Both scripts now source a shared helper (ensure_rustc_commit.sh) that:

Reads metadata.rustc-commit from rust-toolchain.toml using yq
Detects whether RUST_DIR_ROOT points to a regular clone or a bare repo
For a regular clone: runs git checkout <commit> (or skips if already there)
For a bare repo: creates a detached worktree at $RUST_DIR/<short-hash>/ (or reuses it if one already exists at the right commit)

This means you no longer have to manually check out the right commit before running make test-ui or make remake-ui-tests. Just point RUST_DIR_ROOT at your rust checkout and the scripts handle the rest.

yq (the Go version, mikefarah/yq) is now required for UI tests. If it's missing, the script tells you how to install it and exits.

A note on worktrees for the rust checkout

Rust's repo is enormous. When you inevitably have to switch between commits (toolchain bumps, bisecting, etc.), git checkout in a regular clone rewrites hundreds of thousands of files, blows away build caches, and generally makes you wait while incremental builds start over from scratch. Not great.

A bare repo with worktrees avoids all of this. Each worktree shares the same object store but keeps its own working tree and build artifacts. Switching between commits is just a cd; no files get rewritten, no caches get invalidated. If you've already built at one commit, you can hop to another worktree and come back without losing anything.

To convert an existing rust clone to bare+worktree:

cd ..
mv rust rust-tmp
git clone --bare git@github.com:rust-lang/rust.git rust
cd rust

# Create a worktree for the commit our tests need
git worktree add ./a2545fd6fc66 a2545fd6fc66b4323f555223a860c451885d1d2b --detach

Then point the test scripts at the repo root:

RUST_DIR_ROOT=~/oss/rust make test-ui

The scripts detect the bare repo and create (or reuse) the worktree automatically. When the toolchain bumps to a new nightly, a new worktree gets created at the new commit; the old one sticks around and you can prune it whenever you feel like it.

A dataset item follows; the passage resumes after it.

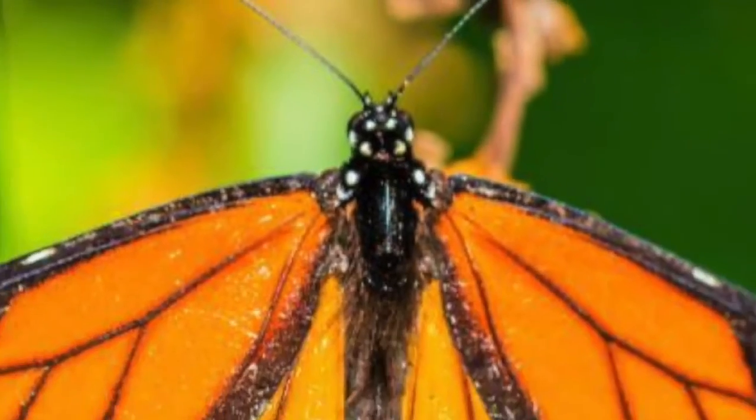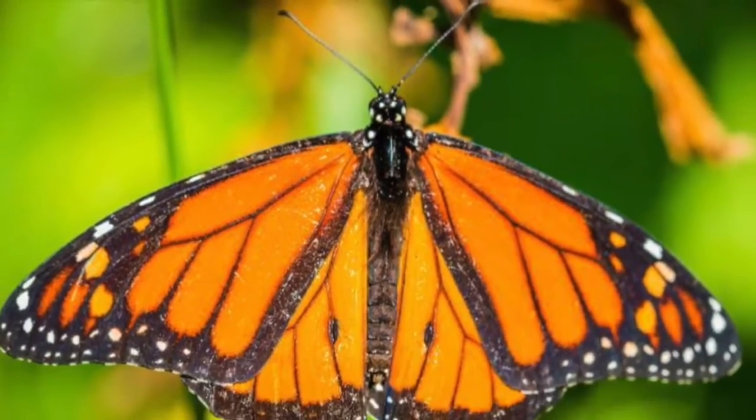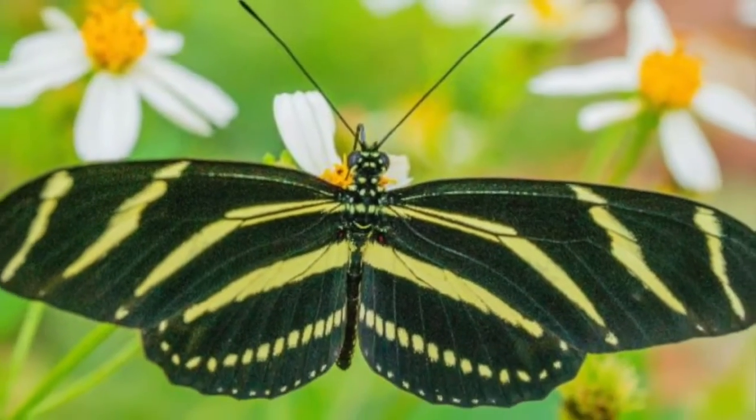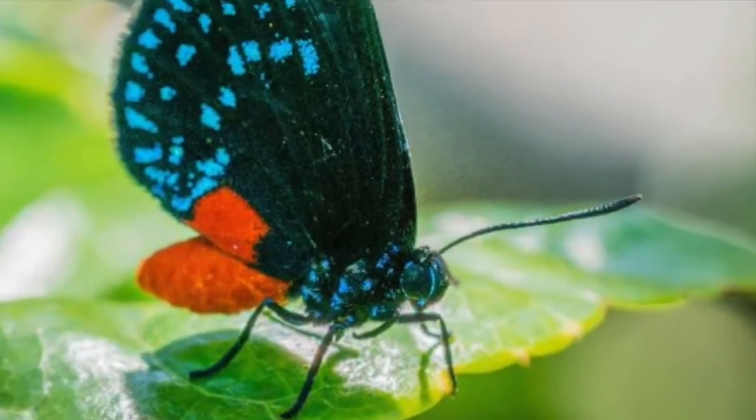We have three varieties of butterflies in the garden. We should see the monarch butterfly, a yellow and black striped zebra heliconium — the state butterfly of Florida — and we also have the atala butterfly.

Why this supersedes PR #91

PR #91 and this PR both address Issue #90 (upgrading the rustc dependency to a recent nightly), but they take fundamentally different approaches.

The core difference: this PR creates an adapter API (src/compat/) that gates all rustc access through a single module, so that API churn is absorbed in one place. PR #91 patches every call site across the codebase directly.

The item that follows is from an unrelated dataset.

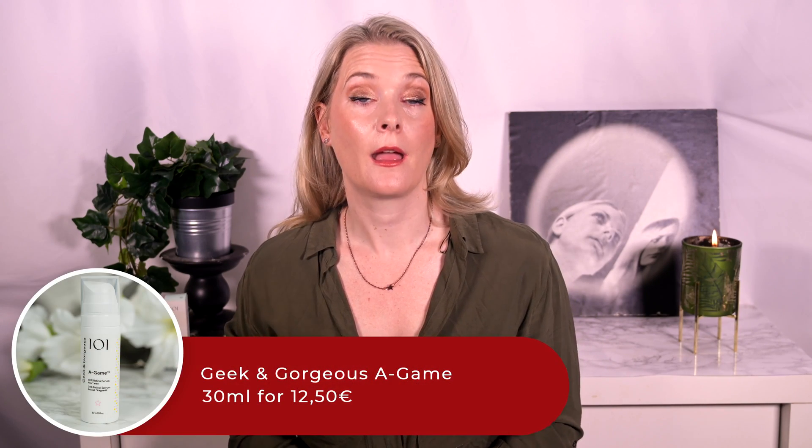I have a problem when it comes to reviewing products like the Geek & Gorgeous A-Game. I have been using Tretinoin for my adult acne for years now, so judging how anything weaker really affects your skin is nearly impossible — unless you have a secret superpower. Not a second face on the back of my head, but a big family with different skin types and skin concerns. Whenever I want to talk about a retinoid I hand it over to one of them, and today I recruited two of my sisters as guinea pigs — one with severe hyperpigmentation concerns and one with sensitive skin.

When rustc changes its internal APIs, the cost of adapting depends on how many files touch those APIs. In the codebase as it existed when #91 was written, rustc internals were scattered everywhere: printer.rs, mk_graph/, driver.rs, and various helpers all had their own extern crate declarations and direct imports. Every file that directly calls a rustc API is a file that breaks when that API changes.

PR #91 updates the toolchain from nightly-2024-11-29 to nightly-2025-07-20 and fixes every call site that broke. The result works, but the changes scatter across printer.rs, mk_graph.rs, driver.rs, Cargo.toml, the jq filter, and every golden test file. The next toolchain bump would require the same scattershot patching, because nothing has changed about how the codebase interfaces with rustc.

This PR invests in the adapter layer first. To make the difference concrete, here's what the stable_mir to rustc_public crate rename looks like in each approach:

PR #91's approach: update every file that declares extern crate stable_mir or imports from it: printer.rs, all 5 mk_graph/ files, and driver.rs.

This PR's approach: change one line in compat/mod.rs:

// before
pub extern crate stable_mir;
// after
pub extern crate rustc_public as stable_mir;

Every consumer imports via use crate::compat::stable_mir, so nothing else changes.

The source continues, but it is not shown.